Add hardware, explore all capabilities
If maximizing a WMS were easy, everyone would be doing it, and we wouldn’t be writing this article. In fact, any technology investment requires a long-term approach that includes not only milking the most functionality out of the system itself, but also ensuring that you have the proper hardware in place to support it and an optimal level of training for the individuals who are using it.
This balancing act isn’t always easy to achieve, but it’s one that pays off over time. As both Heaney and Aimi point out, shippers can often reap 10 to 20 percent in productivity improvements by simply adding a new piece of hardware to the mix, or by applying best practices across one or more areas of the warehouse itself.

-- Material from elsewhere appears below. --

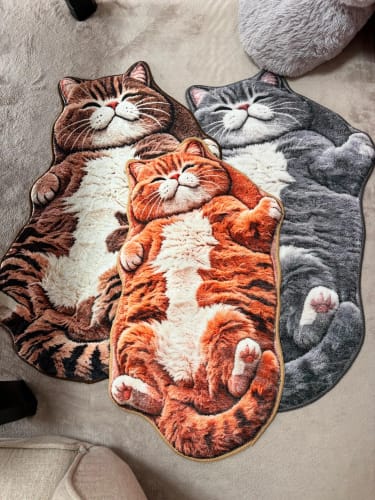 Three cat mat designs displayed together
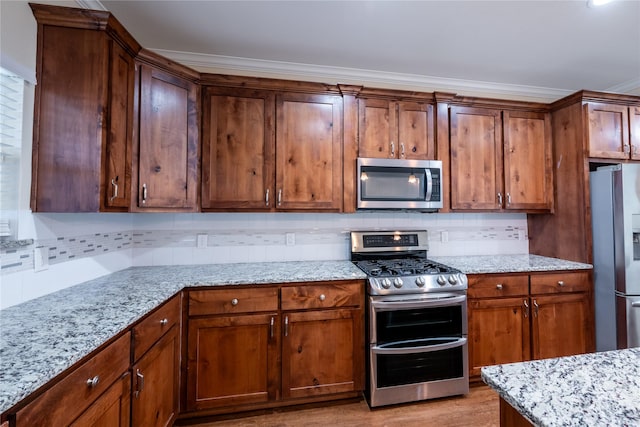 kitchen with light stone countertops, stainless steel appliances, backsplash, ornamental molding, and light wood-type flooring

Banker says those percentages can be increased over time by shippers who may not have initially wanted all of the bells and whistles associated with the WMS, but who choose to add them over time. “Many times companies are on a deadline to get the WMS up and running,” says Banker, “so they skip some of the functionalities in favor of getting those deadlines met.”
Consulting with the WMS vendor and/or having your IT team explore any unused capabilities can lead to unexpected efficiencies that require little time or money investments. Ideally, says Banker, that exercise will be handled in-house. “Have a handful of people on staff who understand the WMS functionalities and who can continue to configure the system and get more out of it with minimum involvement from the company you bought it from,” says Banker.
Using that strategy, shippers can break out of the complacency mold and continue to reap the benefits of their WMS long after the initial money and time is invested in the systems.
But getting there requires management buy-in, according to Heaney, who advises logistics managers to hone in on the fast ROI and significant rewards associated with WMS when requesting resources for such projects. “WMS is an investment that can stand up to any challenge and allow you to move your operations to a higher level,” says Heaney. “Who can argue with that?”